By Steven | December 12, 2011

The Law Commission has issued an issues paper on reform of news media and new media regulation. This isn’t a final report; they’re looking for feedback on their proposals.

I think it’s a thougthful and well-researched paper. It’s very much alive to the problems of online regulation and the importance of free speech and the media. It contains some big ideas, some of which are getting lost in reporting by journalists who don’t seem to have read it.

It’s in two parts. The first is about regulation of – for want of a better phrase – mainstream media. That is, the media whose business it is to regularly deliver news and views. That includes TV and radio, newspapers and magazines. But should it also include Scoop and Voxy? Aren’t they part of the mainstream now? Why should a Scoop reporter not get the privileges (such as exemption from the Privacy Act, journalist source protection and access to courts) that other media outlets get? Correspondingly, why should they be exempt from some sort of complaints process concerning things like accuracy, fairness and privacy?

This part of the paper (it’s the first six chapters) also asks whether our patchwork of media regulation makes any sense. Given that broadcasters are posting text online and newspapers are posting video, why should the standards applying to each be different? Why should one be governed by the (self-regulated) Press Council and the other by the (statutory) Broadcasting Standards Authority? Why should broadcasters’ websites not be regulated at all?

The second part of the paper looks at online harms such as cyber-bullying and harrassment, privacy invasions, defamation, impersonation and inciting suicide. It does not focus particularly on the media. It asks whether the remedies available for such harms – the criminal law, civil law such as defamation, and complaints organisations such as the Privacy Commissioner – are adequate.

Part One

At the heart of Part One is the vexed question of “who is a journalist?” Do you have to work for the NZ Herald or TVNZ? Or might you be a blogger like David Farrar who is regularly providing news, analysis and sometimes original research in ways that make his activities similar? This matters: regular journalists get particular privileges: an exemption from the Privacy Act’s data management requirements; legal rights to protect their sources; access to court proceedings when the public are excluded; the right to attend particular press conferences. The law is a bit of a mess here, but the idea is that the media is (a) performing an important public function and (b) reliably trustworthy in how it uses information. The Law Commission suggests that these attributes are not restricted to old-style media.

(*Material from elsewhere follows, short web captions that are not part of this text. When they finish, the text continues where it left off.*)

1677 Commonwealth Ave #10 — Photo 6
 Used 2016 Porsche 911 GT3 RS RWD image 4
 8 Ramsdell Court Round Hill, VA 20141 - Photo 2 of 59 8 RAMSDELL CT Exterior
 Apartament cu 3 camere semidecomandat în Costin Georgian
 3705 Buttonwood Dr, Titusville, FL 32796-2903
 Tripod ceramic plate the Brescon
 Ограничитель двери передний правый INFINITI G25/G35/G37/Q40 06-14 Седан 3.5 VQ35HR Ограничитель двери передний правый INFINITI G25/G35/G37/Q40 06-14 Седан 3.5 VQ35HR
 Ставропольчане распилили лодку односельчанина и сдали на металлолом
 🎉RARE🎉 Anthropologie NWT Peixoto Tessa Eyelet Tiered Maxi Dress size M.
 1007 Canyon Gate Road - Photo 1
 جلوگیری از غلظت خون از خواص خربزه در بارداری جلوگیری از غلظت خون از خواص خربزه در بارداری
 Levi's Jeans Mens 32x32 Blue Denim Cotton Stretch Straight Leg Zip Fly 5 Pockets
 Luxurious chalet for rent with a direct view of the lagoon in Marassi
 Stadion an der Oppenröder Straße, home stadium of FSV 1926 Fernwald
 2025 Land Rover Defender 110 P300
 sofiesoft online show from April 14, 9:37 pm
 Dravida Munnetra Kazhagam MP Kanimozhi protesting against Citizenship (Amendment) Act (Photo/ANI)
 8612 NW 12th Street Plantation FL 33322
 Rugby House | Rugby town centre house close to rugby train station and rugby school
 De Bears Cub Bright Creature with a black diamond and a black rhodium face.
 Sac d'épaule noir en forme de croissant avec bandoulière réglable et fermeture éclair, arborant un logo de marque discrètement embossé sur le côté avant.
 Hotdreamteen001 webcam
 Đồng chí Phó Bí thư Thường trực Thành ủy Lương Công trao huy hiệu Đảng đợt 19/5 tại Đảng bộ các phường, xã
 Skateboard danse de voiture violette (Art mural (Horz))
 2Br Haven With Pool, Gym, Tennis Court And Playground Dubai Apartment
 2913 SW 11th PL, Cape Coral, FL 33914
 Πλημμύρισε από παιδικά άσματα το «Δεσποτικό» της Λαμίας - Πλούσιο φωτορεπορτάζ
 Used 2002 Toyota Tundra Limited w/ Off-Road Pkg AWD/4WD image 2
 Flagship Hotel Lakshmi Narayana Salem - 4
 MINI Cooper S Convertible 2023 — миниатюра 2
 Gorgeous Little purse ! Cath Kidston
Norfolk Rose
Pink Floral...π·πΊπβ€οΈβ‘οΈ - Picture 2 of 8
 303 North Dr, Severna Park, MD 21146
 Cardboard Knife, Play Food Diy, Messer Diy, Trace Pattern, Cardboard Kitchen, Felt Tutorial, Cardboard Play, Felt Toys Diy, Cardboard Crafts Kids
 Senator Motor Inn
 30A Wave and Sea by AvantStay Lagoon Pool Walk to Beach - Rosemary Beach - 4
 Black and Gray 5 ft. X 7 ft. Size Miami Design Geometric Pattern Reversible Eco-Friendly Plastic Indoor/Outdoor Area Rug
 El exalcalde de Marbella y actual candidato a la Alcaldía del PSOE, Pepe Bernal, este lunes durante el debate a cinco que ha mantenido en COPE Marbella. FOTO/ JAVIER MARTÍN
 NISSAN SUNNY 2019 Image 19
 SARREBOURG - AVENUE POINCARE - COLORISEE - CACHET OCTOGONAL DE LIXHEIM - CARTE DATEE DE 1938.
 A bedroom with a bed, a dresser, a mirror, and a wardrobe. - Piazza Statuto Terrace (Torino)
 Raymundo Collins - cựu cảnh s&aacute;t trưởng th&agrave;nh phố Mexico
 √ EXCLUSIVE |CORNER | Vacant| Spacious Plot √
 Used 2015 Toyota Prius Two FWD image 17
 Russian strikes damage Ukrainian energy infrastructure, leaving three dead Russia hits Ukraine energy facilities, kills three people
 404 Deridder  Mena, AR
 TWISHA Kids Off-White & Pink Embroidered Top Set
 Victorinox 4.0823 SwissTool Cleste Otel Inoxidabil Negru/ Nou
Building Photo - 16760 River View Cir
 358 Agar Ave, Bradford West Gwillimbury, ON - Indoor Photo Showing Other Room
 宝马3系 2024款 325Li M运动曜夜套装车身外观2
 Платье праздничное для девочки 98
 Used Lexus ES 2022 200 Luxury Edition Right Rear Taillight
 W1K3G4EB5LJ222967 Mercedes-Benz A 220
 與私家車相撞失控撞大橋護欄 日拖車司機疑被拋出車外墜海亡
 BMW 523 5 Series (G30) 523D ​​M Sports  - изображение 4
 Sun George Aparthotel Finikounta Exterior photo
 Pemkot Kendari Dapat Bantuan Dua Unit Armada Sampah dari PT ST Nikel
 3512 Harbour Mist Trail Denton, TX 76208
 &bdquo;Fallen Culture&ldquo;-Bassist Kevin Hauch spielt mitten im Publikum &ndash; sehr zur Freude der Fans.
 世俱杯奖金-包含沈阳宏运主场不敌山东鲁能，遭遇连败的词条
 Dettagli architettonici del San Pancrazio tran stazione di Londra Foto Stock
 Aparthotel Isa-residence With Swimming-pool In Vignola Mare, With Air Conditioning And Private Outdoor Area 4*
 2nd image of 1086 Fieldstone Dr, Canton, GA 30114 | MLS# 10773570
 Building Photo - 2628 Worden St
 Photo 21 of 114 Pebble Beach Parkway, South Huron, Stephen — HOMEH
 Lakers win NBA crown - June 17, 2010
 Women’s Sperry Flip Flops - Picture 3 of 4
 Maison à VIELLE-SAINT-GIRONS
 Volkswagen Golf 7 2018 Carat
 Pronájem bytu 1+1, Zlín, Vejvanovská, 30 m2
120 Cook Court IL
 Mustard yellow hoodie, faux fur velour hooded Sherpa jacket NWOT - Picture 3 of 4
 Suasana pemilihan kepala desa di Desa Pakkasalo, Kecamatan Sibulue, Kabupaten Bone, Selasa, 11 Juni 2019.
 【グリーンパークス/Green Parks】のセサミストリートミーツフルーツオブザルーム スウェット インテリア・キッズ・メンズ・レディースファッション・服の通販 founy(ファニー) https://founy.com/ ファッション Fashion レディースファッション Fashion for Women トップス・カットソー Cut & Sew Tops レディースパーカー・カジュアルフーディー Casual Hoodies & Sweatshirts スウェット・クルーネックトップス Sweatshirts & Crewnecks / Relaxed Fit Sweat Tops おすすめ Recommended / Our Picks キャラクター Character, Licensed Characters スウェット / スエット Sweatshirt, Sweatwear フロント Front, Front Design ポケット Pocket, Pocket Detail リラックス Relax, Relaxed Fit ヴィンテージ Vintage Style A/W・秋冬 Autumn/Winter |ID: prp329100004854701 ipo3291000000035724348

The Commission says that if some new media news outlets are performing traditional media functions – informing people on the issues of the day – they should get these privileges too. But with those privileges comes responsibility. They should be subject to a code of ethics and a complaints process.

We already have a couple of those: the Press Council and the BSA. Will they do? The Law Commission doesn’t think so. They are really pre-internet-age beasts, it says. The BSA’s codes are (partly) prescribed by statute and the appointments are political. It doesn’t have jurisdiction of broadcasters’ websites. The Press Council’s “statement of principles” are a bit waffly and the organisation can be seen as stacked toward the media industry, which funds it and provides five out of eleven Press Council members. Neither organisation has code provisions that specifically reflect the online environment, though both contain general requirements (eg fairness) that are capable of applying online.

As newspapers’ and broadcasters’ content looks increasingly similar, these separate regimes are looking increasingly untenable, says the Law Commission. It is surely right. What should we have instead? The Commission recommends a single regulator. It’s hallmark will be independence: the Commission recommends a very robust appointment process to ensure the regulator is insulated from politicians and from the media industry. Like the BSA, it would have a statutory basis, but unlike the BSA, this statutory basis will not be very prescriptive. For example, it won’t set out what is required to be in the codes. These will be prepared by the members of the regulator, in consultation with the public and the industry. The regulator will also develop its own complaints processes, and will decide on the range of penalties that can be imposed. (It seems that this may require buy-in from the industry).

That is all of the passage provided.